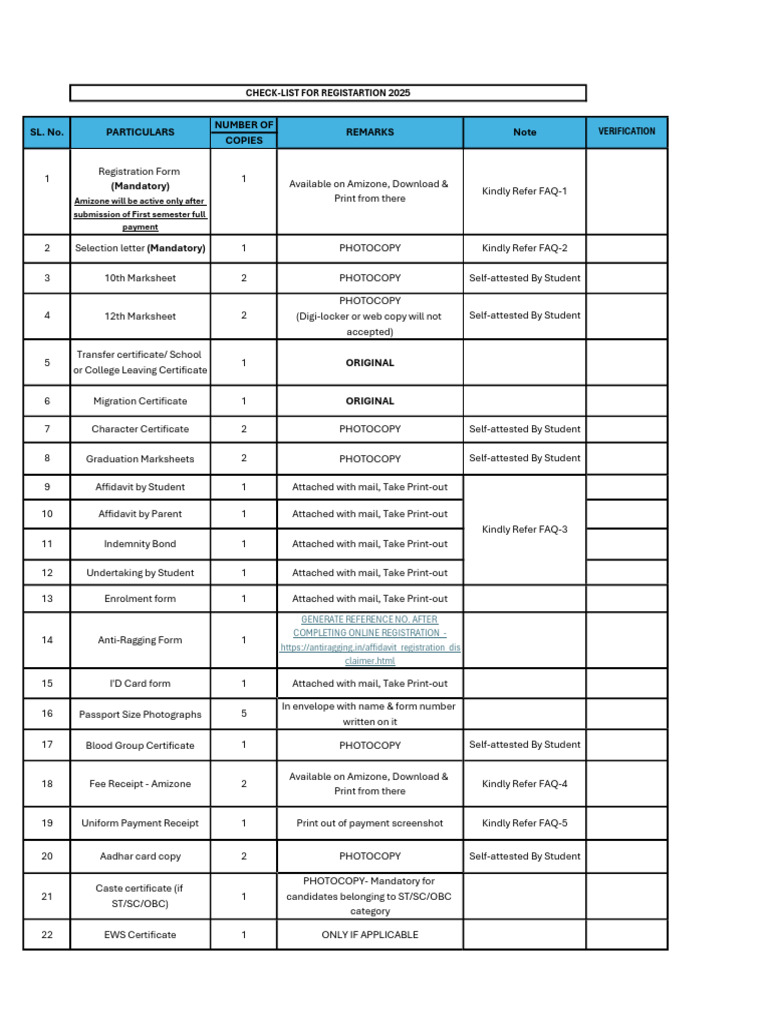 Registration Checklist for 2025 | PDF | Government And Personhood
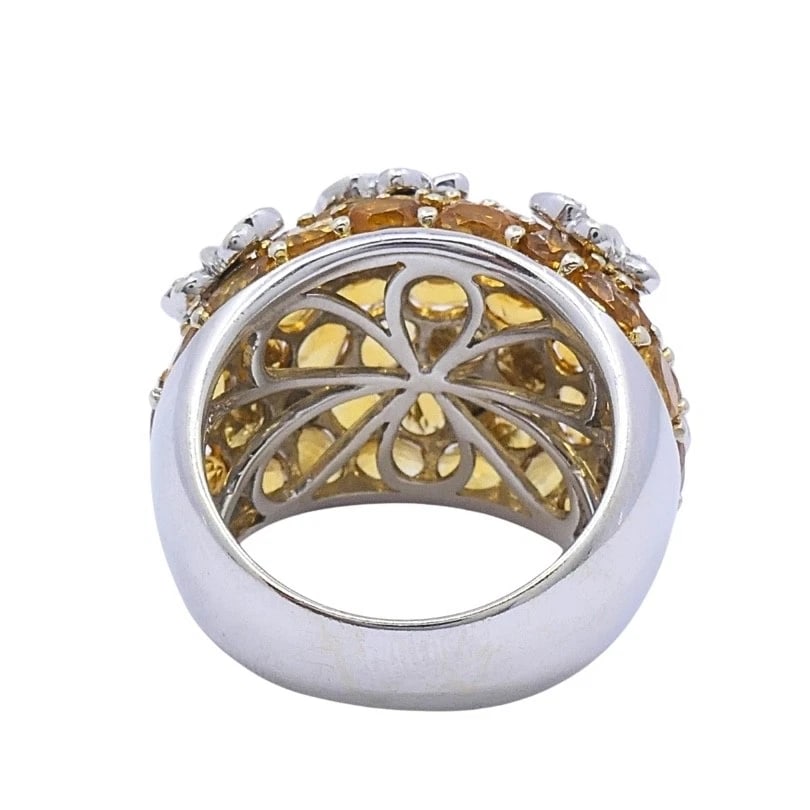 14k White Gold Citrine Diamond Butterfly Dome Ring - 11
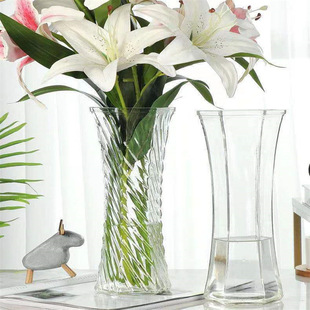 适合插百合的花瓶玻璃透明富贵竹摆件客厅插花干花北欧家用水培瓶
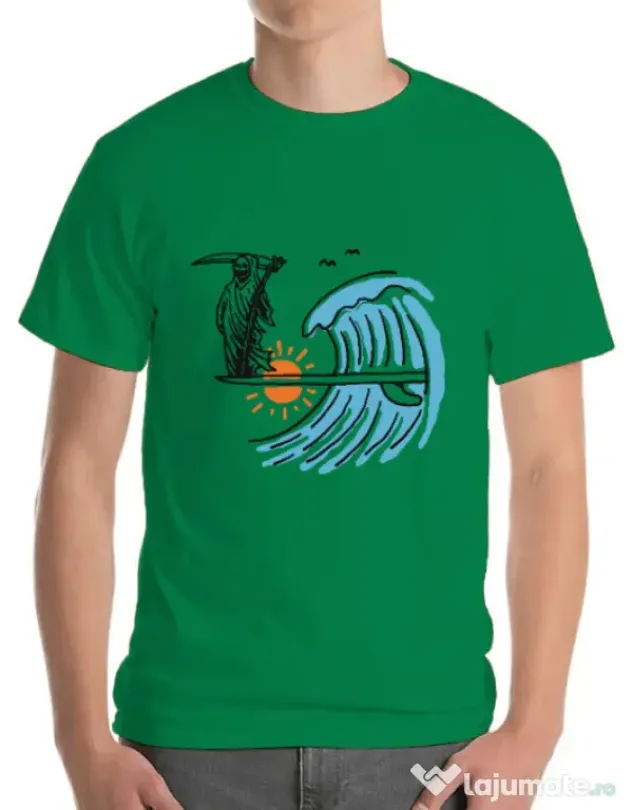 Tricou ADLER barbat Grim surfer Verde mediu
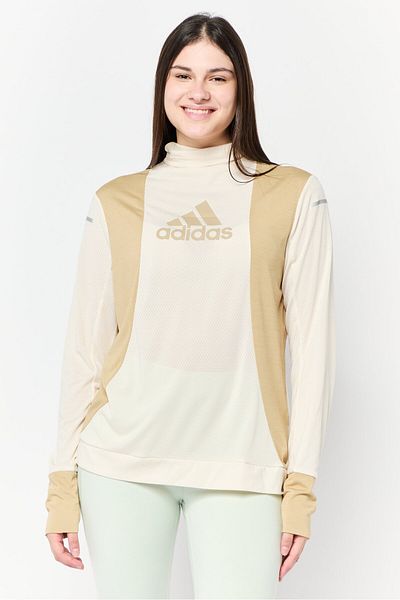 adidas بلوزة رياضية نسائية بأكمام طويلة للجري، لون بيج
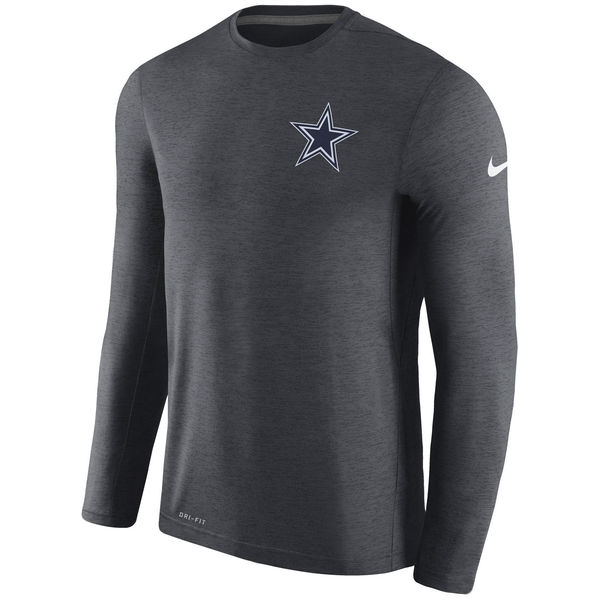 Mens Dallas Cowboys Nike Charcoal Coaches Long Sleeve Performance T-Shirt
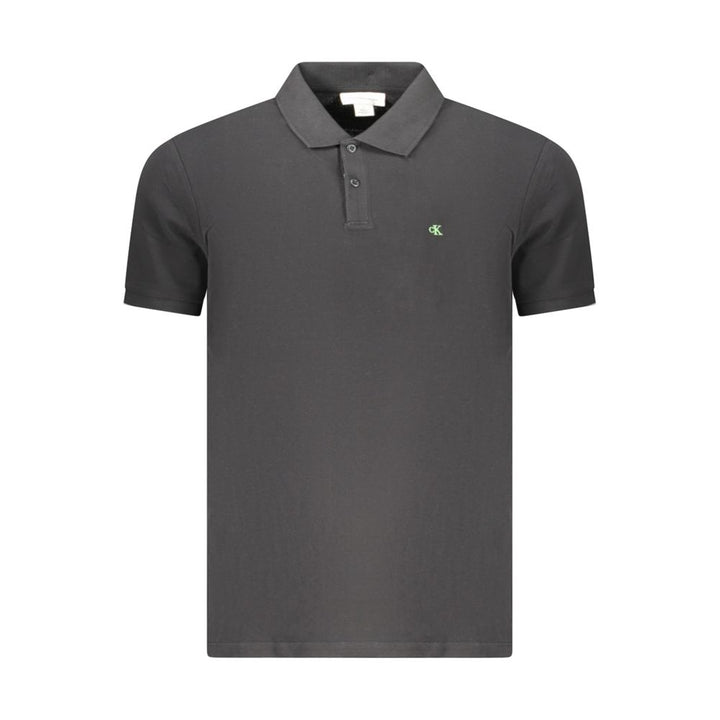 Calvin Klein Black Cotton Polo Shirt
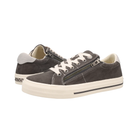 Angled View of Women's Taos Z Soul in Graphite Light Grey Distressed – Featuring a cushioned footbed with arch support, this shoe provides all-day comfort and support for those on their feet for extended periods. The padded interior ensures that your feet stay comfortable, making this shoe perfect for both busy days and casual outings.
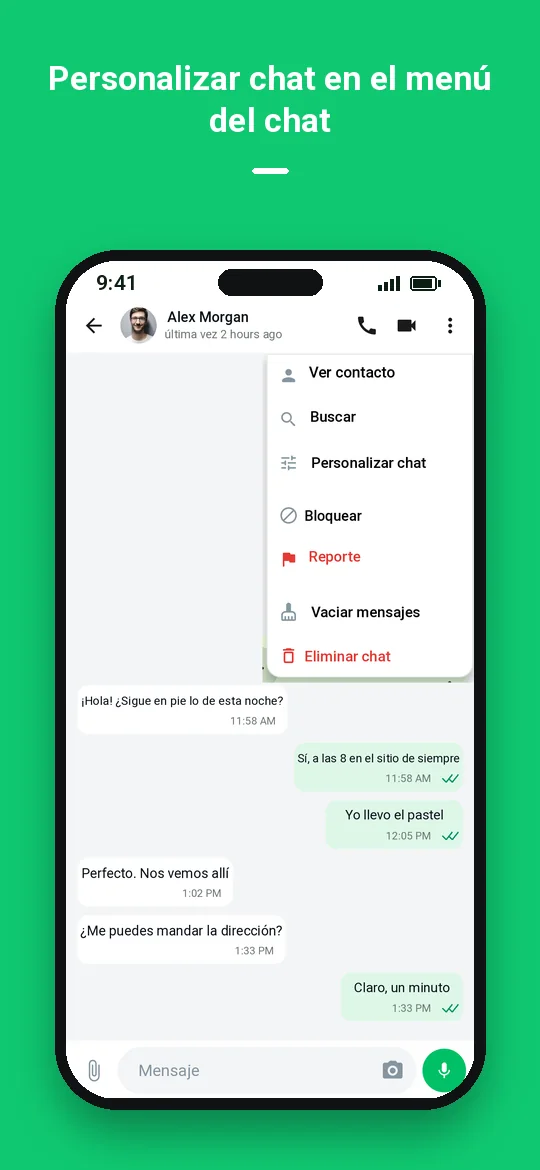 Personalizar chat en el menú del chat — Haydai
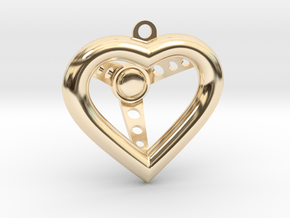 KeyChain Heart Steering Wheel in 14k Gold Plated Brass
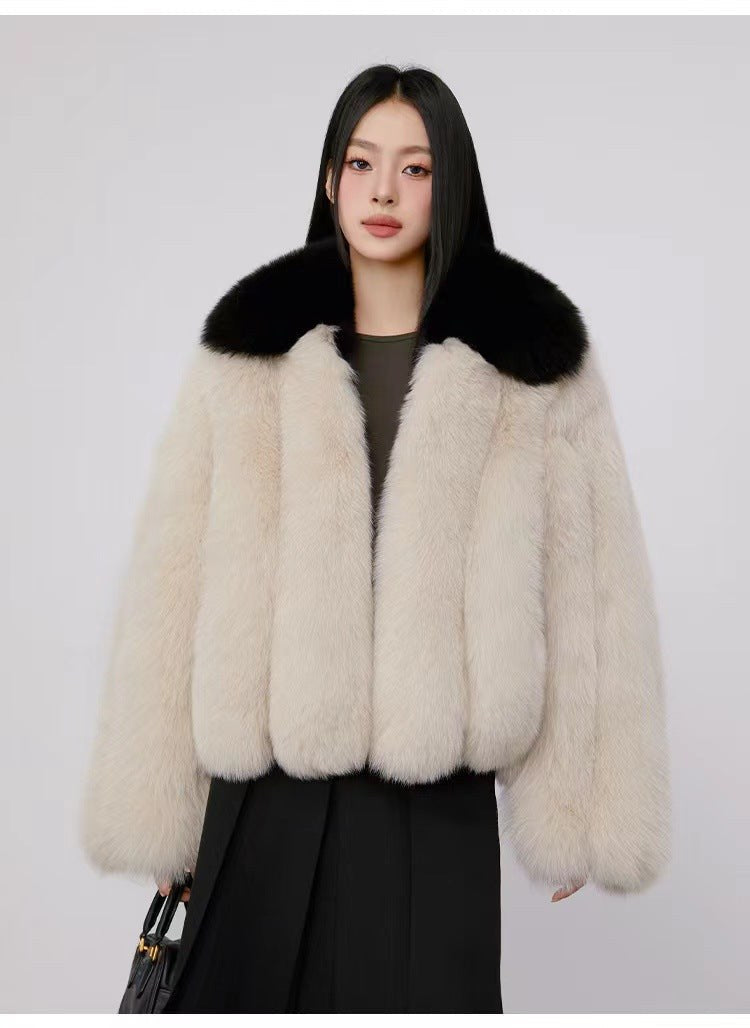 Mielle | Women's Faux Fur Voluminous Jacket in Apricot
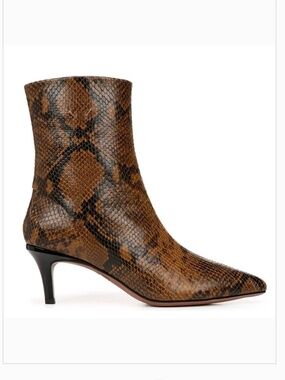 Franco Sarto Leather Kitten Heel Bootie Taupe Snake Print  SZ 9.5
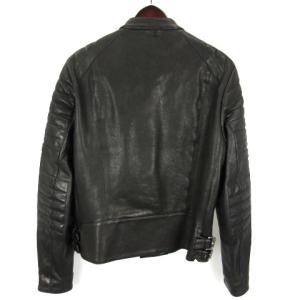 GUCCI 387682 ラムレザーシングルライダースジャケット 48 ブラック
------------------------------
WHAT YOU HAVE TO DO:
A picture must not appear in the copy. Transcribe exactly the lines from the one with "Personalizar chat en" through the final line of the entries, both included, and no more.

RESPONSE TO THE EXERCISE:
 Personalizar chat en el menú del chat — Haydai
 KeyChain Heart Steering Wheel in 14k Gold Plated Brass
 Mielle | Women's Faux Fur Voluminous Jacket in Apricot
 Franco Sarto Leather Kitten Heel Bootie Taupe Snake Print  SZ 9.5
 GUCCI 387682 ラムレザーシングルライダースジャケット 48 ブラック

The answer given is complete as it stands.